(Dataset entries)
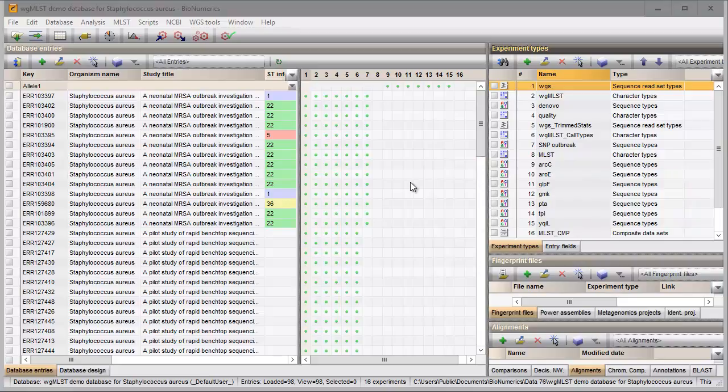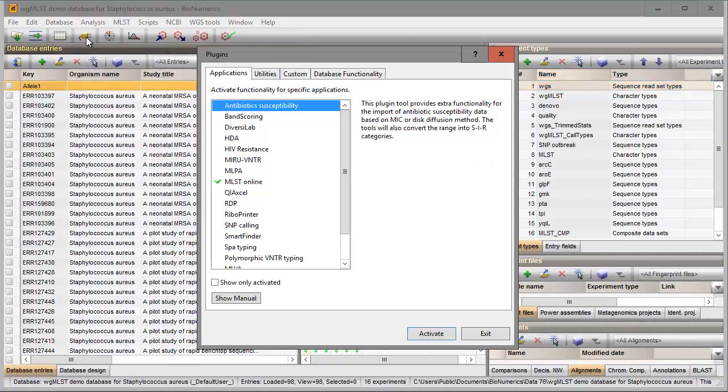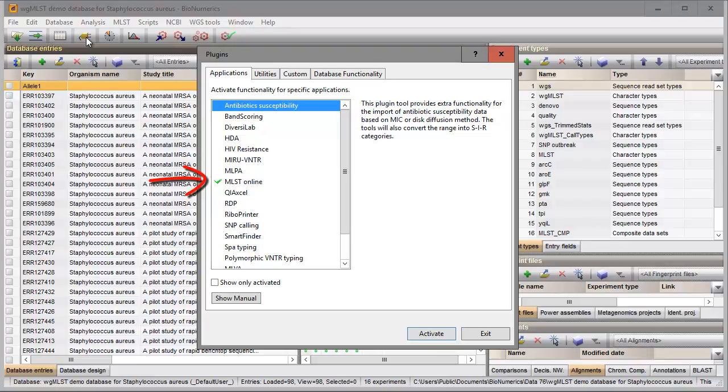Installing a plugin is done in the plugin dialog. The green checkmark indicates that the plugin is already installed in this database.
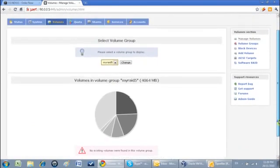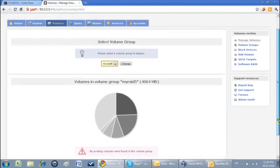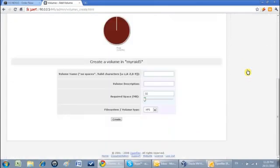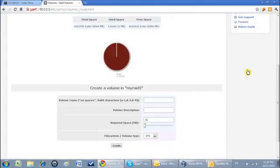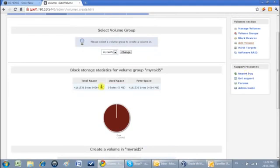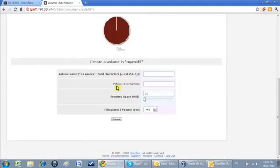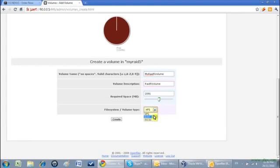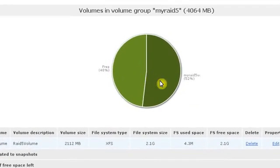I'll create a volume by clicking add volume. I will create two partitions of this RAID 5. Right now it is 4 GB, so I'll make 2 GB for share and 2 GB for iSCSI. This is my RAID volume, RAID 5 volume. Total size is 4 GB. I'll make approximately half of it. I will create XFS and create. Now 52% is made and 48% is remaining.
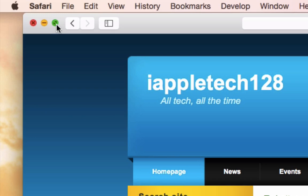Well, all you have to do is just hold down the option key, and that will instantly change it from the full screen to the plus button.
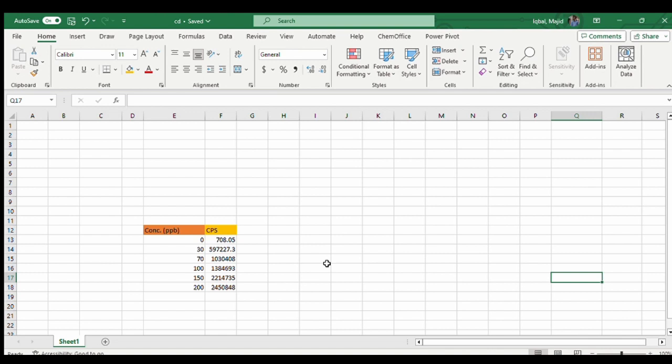Welcome to our channel. In today's lecture we are going to discuss how to get a trendline for ICPMS data and we are also going to discuss how to get an equation of straight line and R square value.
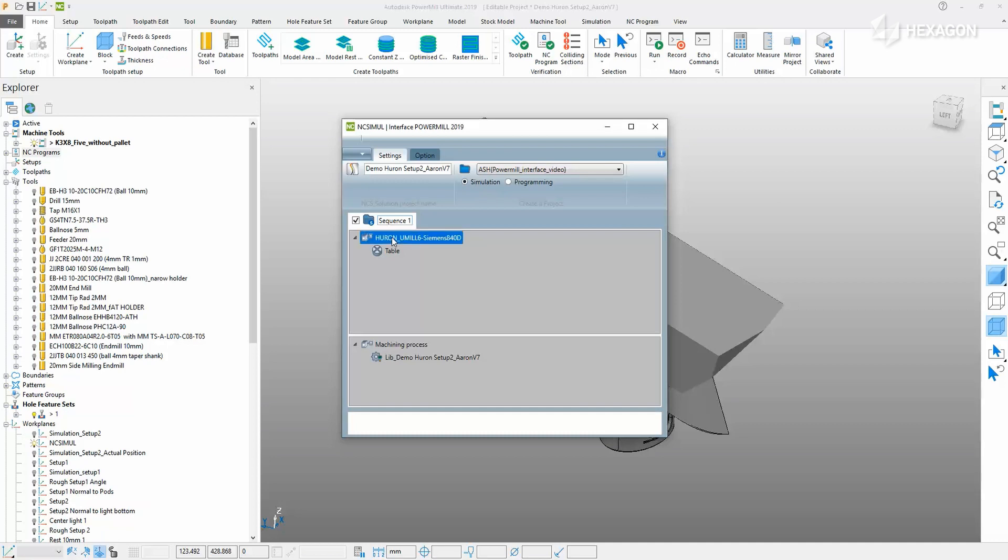After an environment is specified, a list of available machines to run the job on will populate. In this case, only the Huron is present.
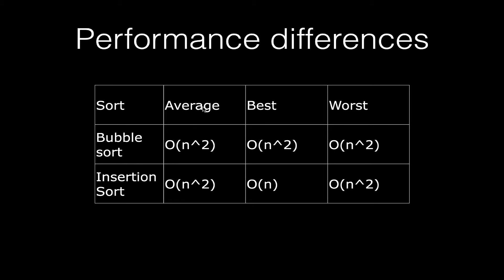Now this is where sort comparisons get a bit mean, because most of the time they quote the worst, and on paper the bubble sort and the insertion sort are as bad as each other. But look at this best-case scenario.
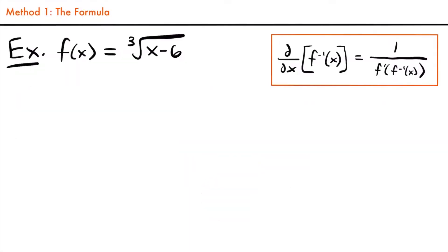Welcome back. Let's start with this example. For this first example, we're actually going to be looking at it three times, but each time we're going to be using a different method of finding the derivative of its inverse. The first method we're going to look at is using the formula that I have right here.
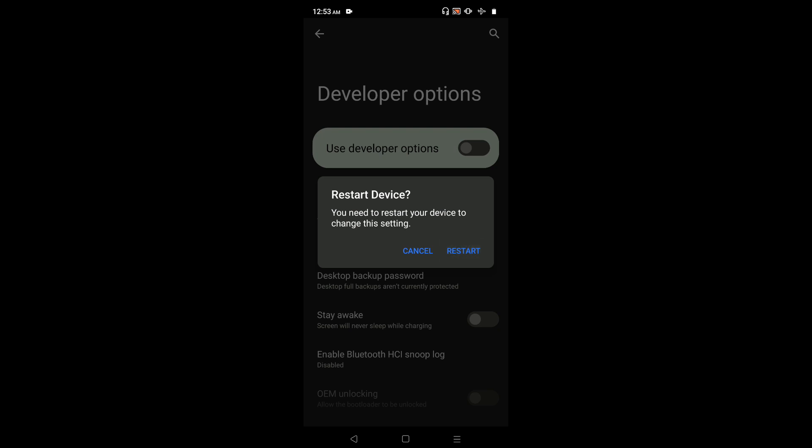This way we can enable or disable USB Debugging Mode and developer options. I hope you enjoyed this video. Please subscribe to my channel, like and share the video.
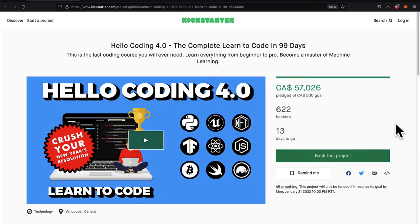Don't forget to check out our Kickstarter, Hello Coding 4.0 — first link in the description.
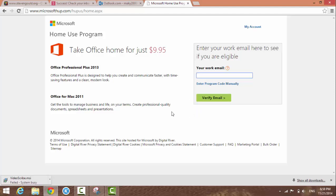If you're eligible, Microsoft will send an email to your work email saying 'Congratulations, you're eligible.' Click the link to order, process with your credit card, download it, and burn it on a CD. You'll get a license key.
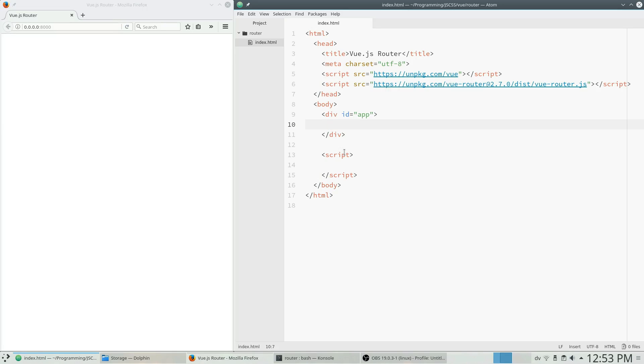Hey everyone, this is Ryan here today on the SyntaxByte channel and today we're going to go over routing in Vue.js with the Vue Router add-in library.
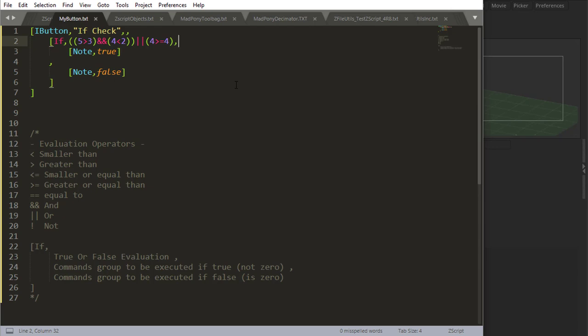So, basically, I'm asking if an evaluation is true, give me something. If this is true, give me something, and I can do whatever commands I want in there. Else, if it's not true, it's false, and you're going to give me something else.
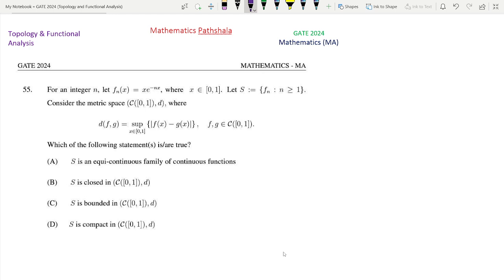For an integer n, let fn(x) be defined by x·e^(-nx). So fn(x) is a sequence of functions on the closed interval [0,1]. Let S equal to {fn} such that n ≥ 1, that is the sequence of functions. The set is denoted by capital S, and consider the metric space C[0,1] with metric d(f,g) defined by the sup-metric. Then which of the following statements is or are true?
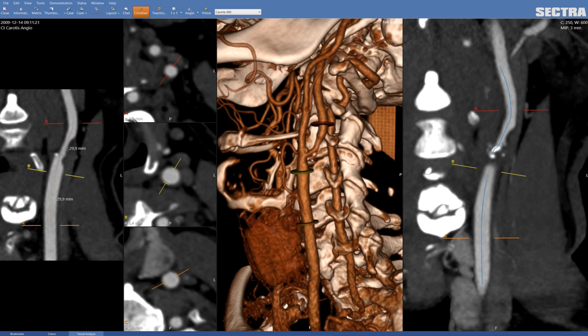You will also have the diameter of the vessel automatically created. If you don't agree with the computer, you can change the diameter by just dragging on the bars here.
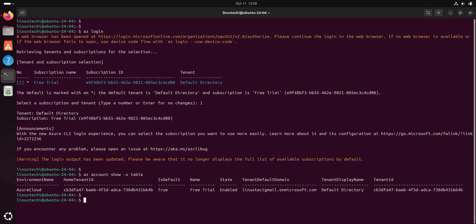If your ID is associated to multiple subscriptions, you can switch between these subscriptions using the command az account set --subscription. In double quotes, paste the subscription ID to which account you want to switch. Alright.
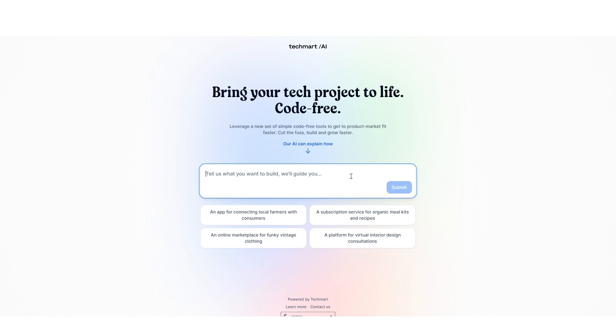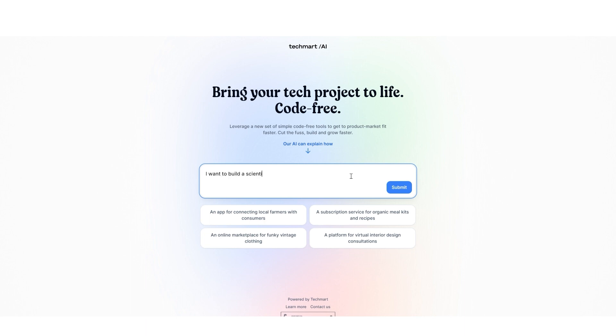So we're going to look for an example. Say we want to think about a basic calculator, maybe a scientific calculator. You could say I want to build a scientific calculator. It's as simple as that. That's a nice short description for a simple calculator. We're going to click on send or submit.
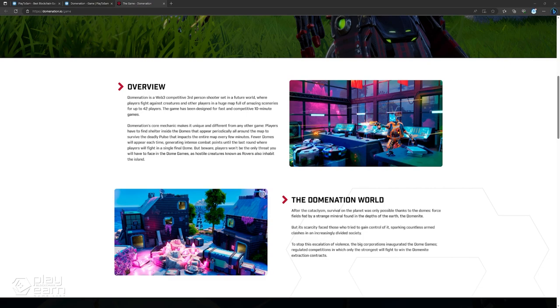In the game, you have to find shelter inside the domes that appear periodically all around the map to survive a deadly pulse that impacts the entire map every few minutes. Fewer domes will appear each time, generating intense combat points until the last round where players will fight in a single final dome.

--- Exercise aim ---
Please reproduce the records above exactly, omitting every picture.

--- Exercise response ---
Installing a plugin is done in the plugin dialog. The green checkmark indicates that the plugin is already installed in this database.
I'll create a volume by clicking add volume. I will create two partitions of this RAID 5. Right now it is 4 GB, so I'll make 2 GB for share and 2 GB for iSCSI. This is my RAID volume, RAID 5 volume. Total size is 4 GB. I'll make approximately half of it. I will create XFS and create. Now 52% is made and 48% is remaining.
Well, all you have to do is just hold down the option key, and that will instantly change it from the full screen to the plus button.
Welcome to our channel. In today's lecture we are going to discuss how to get a trendline for ICPMS data and we are also going to discuss how to get an equation of straight line and R square value.
After an environment is specified, a list of available machines to run the job on will populate. In this case, only the Huron is present.
Now this is where sort comparisons get a bit mean, because most of the time they quote the worst, and on paper the bubble sort and the insertion sort are as bad as each other. But look at this best-case scenario.
Welcome back. Let's start with this example. For this first example, we're actually going to be looking at it three times, but each time we're going to be using a different method of finding the derivative of its inverse. The first method we're going to look at is using the formula that I have right here.
This way we can enable or disable USB Debugging Mode and developer options. I hope you enjoyed this video. Please subscribe to my channel, like and share the video.
Don't forget to check out our Kickstarter, Hello Coding 4.0 — first link in the description.
If you're eligible, Microsoft will send an email to your work email saying 'Congratulations, you're eligible.' Click the link to order, process with your credit card, download it, and burn it on a CD. You'll get a license key.
Hey everyone, this is Ryan here today on the SyntaxByte channel and today we're going to go over routing in Vue.js with the Vue Router add-in library.
So, basically, I'm asking if an evaluation is true, give me something. If this is true, give me something, and I can do whatever commands I want in there. Else, if it's not true, it's false, and you're going to give me something else.
For an integer n, let fn(x) be defined by x·e^(-nx). So fn(x) is a sequence of functions on the closed interval [0,1]. Let S equal to {fn} such that n ≥ 1, that is the sequence of functions. The set is denoted by capital S, and consider the metric space C[0,1] with metric d(f,g) defined by the sup-metric. Then which of the following statements is or are true?
You will also have the diameter of the vessel automatically created. If you don't agree with the computer, you can change the diameter by just dragging on the bars here.
If your ID is associated to multiple subscriptions, you can switch between these subscriptions using the command az account set --subscription. In double quotes, paste the subscription ID to which account you want to switch. Alright.
So we're going to look for an example. Say we want to think about a basic calculator, maybe a scientific calculator. You could say I want to build a scientific calculator. It's as simple as that. That's a nice short description for a simple calculator. We're going to click on send or submit.
In the game, you have to find shelter inside the domes that appear periodically all around the map to survive a deadly pulse that impacts the entire map every few minutes. Fewer domes will appear each time, generating intense combat points until the last round where players will fight in a single final dome.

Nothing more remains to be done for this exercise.